E deve ser igualmente recordado que, apesar de ser assim, essa lei foi votada, nesta Assembleia, isoladamente, apenas e só pelo PSD. Não chegámos, pois, só agora, nem esperámos por ninguém, para nos empenharmos neste combate em que estamos desde sempre.
Sabemos das dificuldades da investigação e da detecção deste tipo de criminalidade, bem como da forma insidiosa como se desenvolve.
Sr. Presidente, Sr.as e Srs. Deputados: Quando nos batemos por valores e por princípios que temos de salvaguardar colectivamente — e espero que assim seja pela parte de todas as iniciativas que estamos a discutir —, não o devemos fazer atropelando ou preterindo outros valores e princípios essenciais da pessoa, que num Estado de direito devem ser igualmente prezados. Este é um dilema com que o legislador sempre se depara nestas matérias.

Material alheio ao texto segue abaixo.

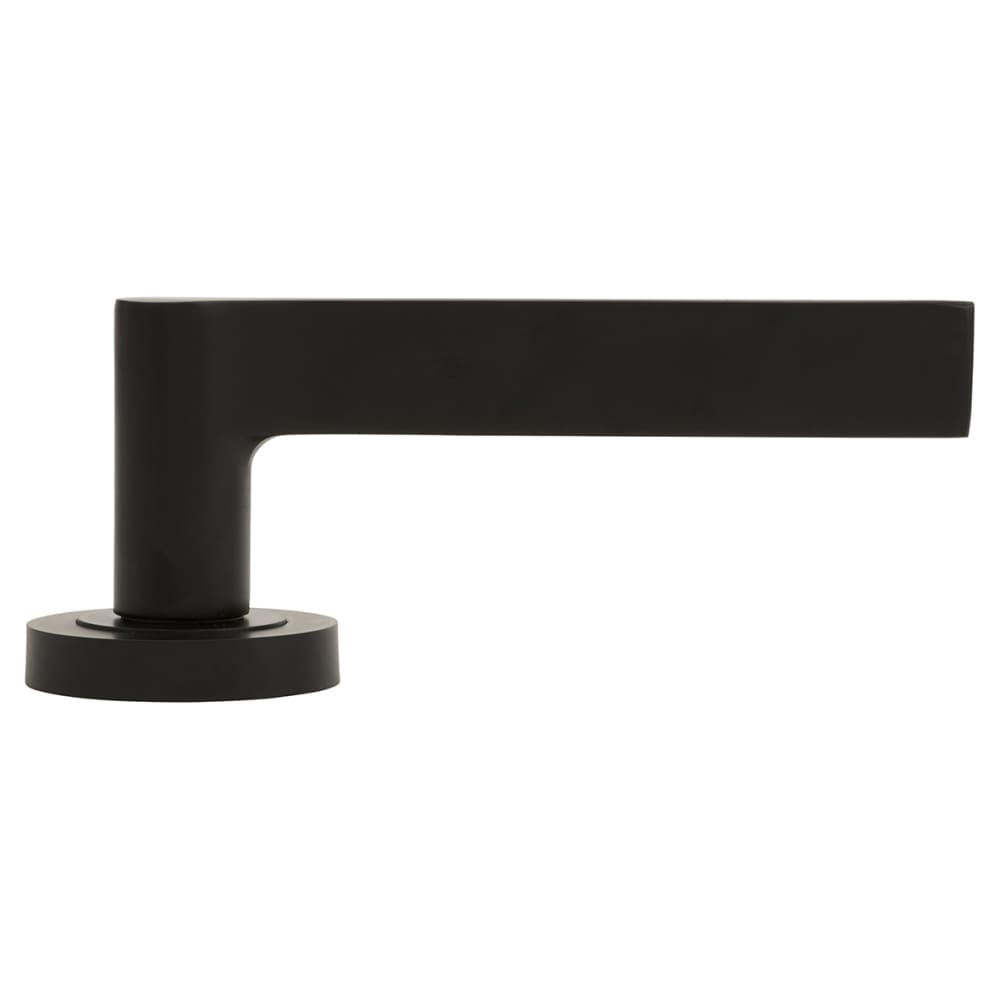 Jedo by Frelan Geo Door Handle on Rose - Matt Black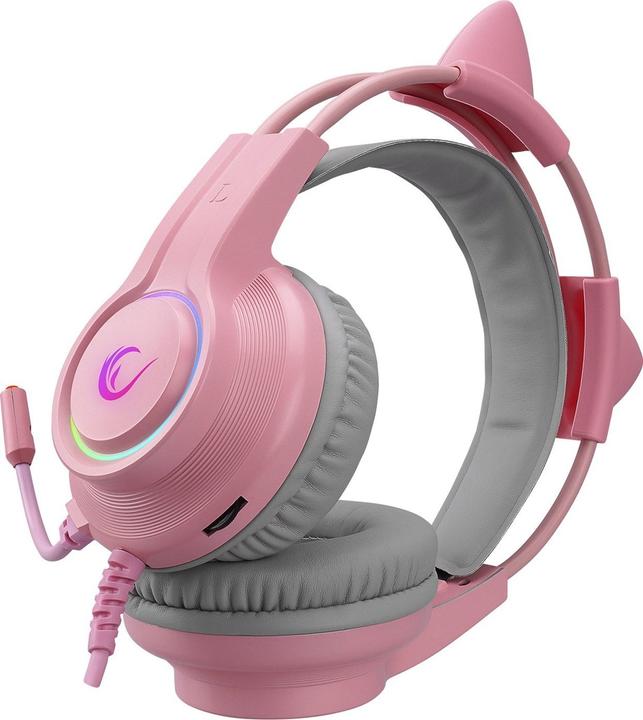 Actual product image Rampage Słuchawki X-CATTY Różowe (RM-K91) (Cable)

Trata-se muitas vezes de consagrar formas que, no plano ético, deixam alguma reserva. É o caso, por exemplo, da atenuação e dos benefícios com que se premeiam os arguidos colaborantes. Não será, porventura, essa a medida mais problemática.
Em todo o caso, também é bom lembrar o que refere o ilustre Magistrado, Dr. Manuel Lopes Rocha: «Pense-se o que se quiser deste expediente, dificilmente o legislador poderá sacrificar conveniências de política criminal a considerações de ordem moral.» Não tenhamos, porém, a ilusão de que o combate à corrupção se esgota nos instrumentos legislativos e jurídicos ou mesmo nos meios humanos e materiais afectos aos órgãos de investigação e de instrução criminal. Este problema hoje, mais do que nunca, assume natureza cultural e tem que ver com os valores que, em cada momento, enformam as comunidades.
Não queremos uma sociedade em que os valores do poder e do prestígio são ajuizados em termos meramente materiais, superando os valores da honestidade, da lisura, da lealdade e da competência. Essa, sim, é uma sociedade geradora de corrupção.
Significa isto que, também neste particular, continuam válidas e actuais as nossas preocupações em relação à escola e à família, depositárias desses valores.
Revemo-nos em William Shakespeare, quando refere, em O Mercador de Veneza, que «Ninguém deve enganar a fortuna ou recolher as honras, sem que tenha o cunho do mérito, ninguém sonhe com dignidades que não mereça. Quanto seria para desejar que riqueza, postos e empregos não fossem devidos à corrupção, que todas as obras fossem justificadas pelo merecimento daquele que as recebe.» Mas o respeito por princípios fundamentais do Estado de direito é exigível a todos.
Não pactuaremos com o desrespeito pelo princípio da presunção da inocência.
Não pactuaremos com as constantes violações do segredo de justiça, nem com os pré-julgamentos, cada vez mais frequentes, na comunicação social.